Victor Bloom MD
This movie was made last year and not everyone saw it. It's the kind of movie that should be seen more widely and discussed as well. It is not about life as we know it, but more like life as it should be. In many respects, though, it is like life as it is, because sometimes, in spite of obstacles and adversity, good things happen. And in spite of immense differences, people can develop significant relationships and bring each other out of the darkness and into the light.
Such was the case in "Finding Forrester." Forrester was a reclusive Pulitzer-Prizewinning author who wrote only one novel, but it was an enduring best-seller and the subject of endless discussions in schools in which literature is taught by intensive reading, analysis and discussion. In the movie we find out why he became so withdrawn and blocked. We find out how it was that a certain English teacher in a fancy prep school at one time had an interaction with this writer which made a significant and negative impact on each other.
But the central theme of the movie is the relationship between an African-American teenager who is a writing genius, and this withdrawn, phobic and crotchety writer. At first the connection was simply due to geographic proximity. The writer watched the neighborhood boys playing pickup basketball from his top-floor apartment window with a pair of powerful binoculars. Was he a basketball scout? The boys glanced up from their play every now and then, wondering what and who was behind the binoculars, and finally Jemal, who was a keen basketball player as well as an underperforming genius, accepts a dare and climbs the fire-escape and enters the apartment.

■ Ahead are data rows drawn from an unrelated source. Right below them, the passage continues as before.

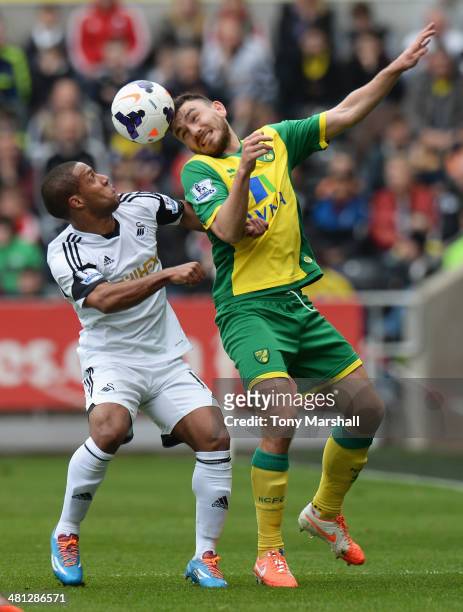 Wayne Routledge of Swansea City challenges Robert Snodgrass of Norwich City during the Barclays Premier League match between Swansea City and Norwich...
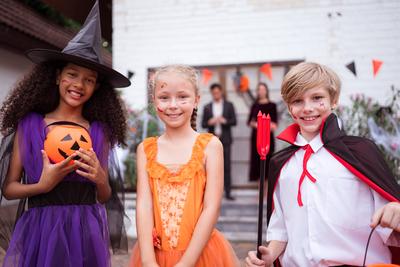 Kinder in Gespensterkost?men haben an Halloween viel Spa? beim S??es-oder-Saures-Spielen-stock-foto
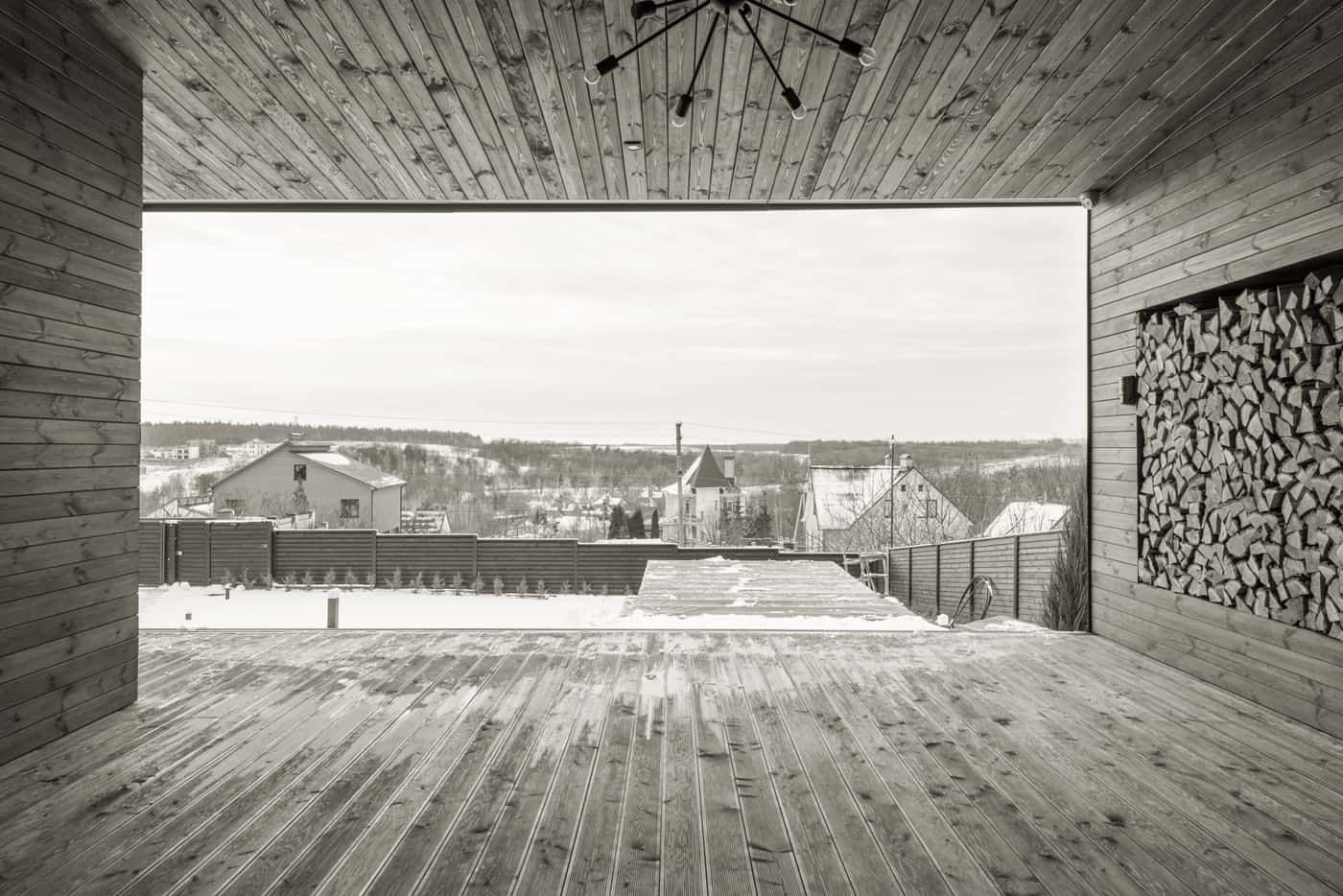 Wooden deck in snow beside a house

The old writer, hiding in the dark roars his disapproval, and the frightened boy beats a hasty retreat, accidently leaving his backpack behind. We see the hands of the old writer looking within and being somewhat surprised to find great books and talented writing instead of whatever else he might have been expecting from a neighborhood black kid in the South Bronx. We see the hands making red-ink comments on the boy's writing, odd comments, such as "constipated." We get the impression that this is no basketball scout, but an enigmatic writer and literary critic of considerable talent.
Jemal was frantic about his lost backpack, containing his books, writing assignments and his own creative writing. He probably expected to be getting into a lot of trouble, because he had no business being in that apartment and poking around. We find out soon thereafter that despite mediocre grades, his test scores are over the top and he is given a scholarship to attend an exclusive prep school in upper Manhattan. Mysteriously, the backpack falls at his feet on the sidewalk under the writer's window, and examining the contents, finds everything there, but in addition, comments on his writing. This is the beginning of a fascinating and unlikely relationship between the mysterious old writer and this young black boy.
What is lovely and inspiring is that there is no trace of black-white prejudice discernable in the two. They seem to be relating on a basis of mutual and growing respect and affection, as each is helping the other. The talented older writer is clearly the mentor, but the younger man is drawing the older one out of hiding. Why he is hiding is gradually and subtly unveiled in the latter part of the film.
Suffice it to say that the young black teenager from the streets, although academically superior and a basketball talent as well, is like a fish out of water, socially, in his new school. The headmaster is friendly and encouraging, and so is his teenage daughter, who befriends Jamal, and luckily the complications of an inter-racial romance is avoided. What we do run into is his English professor who is humiliated in class by challenging Jemal's knowledge of the literature. Magically, it surpasses that of the professor who develops a Salieri-like scorn of this young Mozart. He cannot believe Jamal's writing is his own and makes a serious accusation of plagiarism.
At the end is a dramatic denouement in which honesty and integrity prevail, a consummation which has brought about the accusation "feel-good" to this well-acted motion picture. The character of Jemal is pure fiction, as he is without a flaw, honest, hard-working and intelligent. That of the old writer is finely drawn and impressively acted by Sean Connery. The envious and malevolent professor is almost a caricature of Shakespeare's "Shylock," but this is fiction, and fiction his it's purposes and by definition is not necessarily true-to-life.
What is true to life, however, is that improbable relationships do occur and flower, and oftentimes lead to personal growth and love. It is also true that there are some undiscovered geniuses in the ghetto and some latent mentors among not-yet-dead white males. So if you are in the mood for a 'feel-good' movie, "Finding Forrester" is out in video.